Assigned task
An exact copy of the data is needed, but without any of its images.

*** Opening Data extract ***

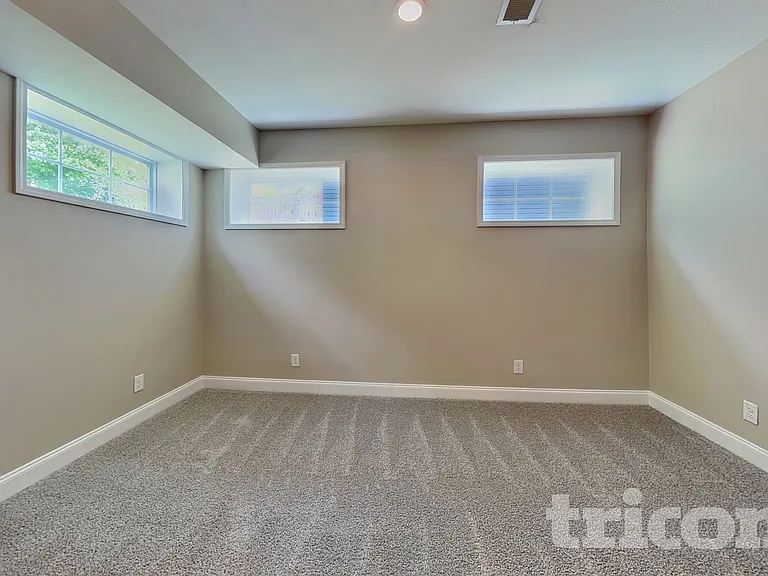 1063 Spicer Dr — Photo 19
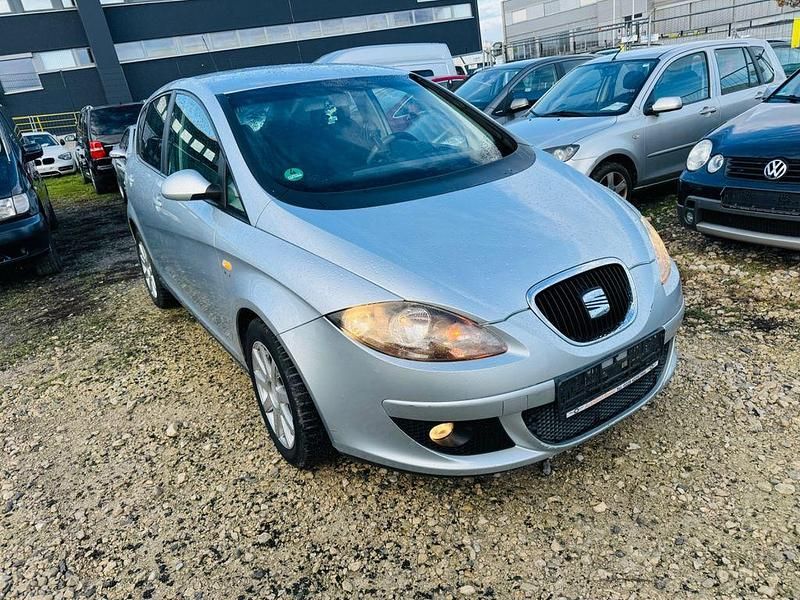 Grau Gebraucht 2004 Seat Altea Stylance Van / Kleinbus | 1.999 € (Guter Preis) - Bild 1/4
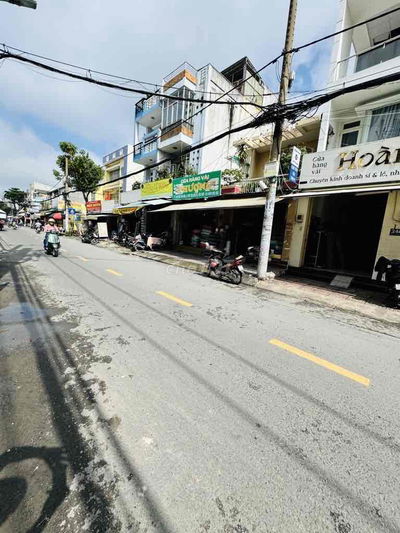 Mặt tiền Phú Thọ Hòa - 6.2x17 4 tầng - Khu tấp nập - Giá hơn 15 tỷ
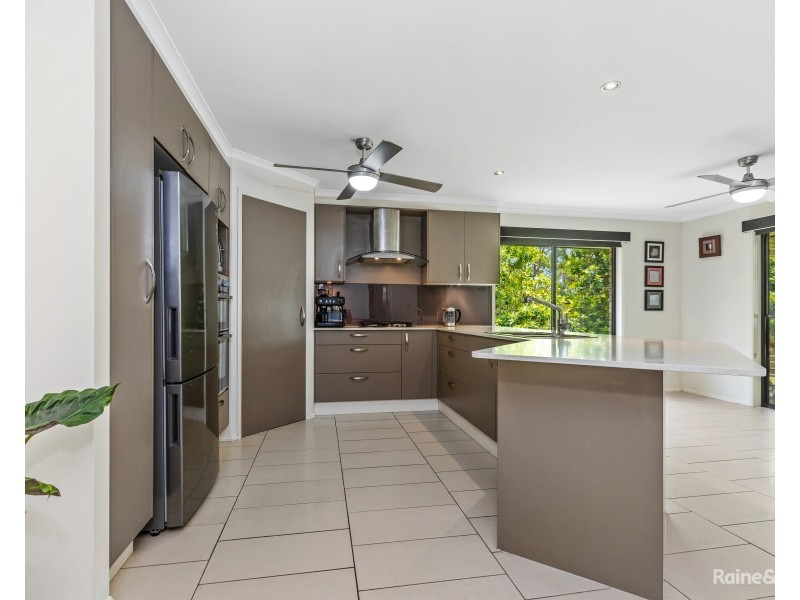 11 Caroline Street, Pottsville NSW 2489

*** Closing Data extract ***

Response to the task
 1063 Spicer Dr — Photo 19
 Grau Gebraucht 2004 Seat Altea Stylance Van / Kleinbus | 1.999 € (Guter Preis) - Bild 1/4
 Mặt tiền Phú Thọ Hòa - 6.2x17 4 tầng - Khu tấp nập - Giá hơn 15 tỷ
 11 Caroline Street, Pottsville NSW 2489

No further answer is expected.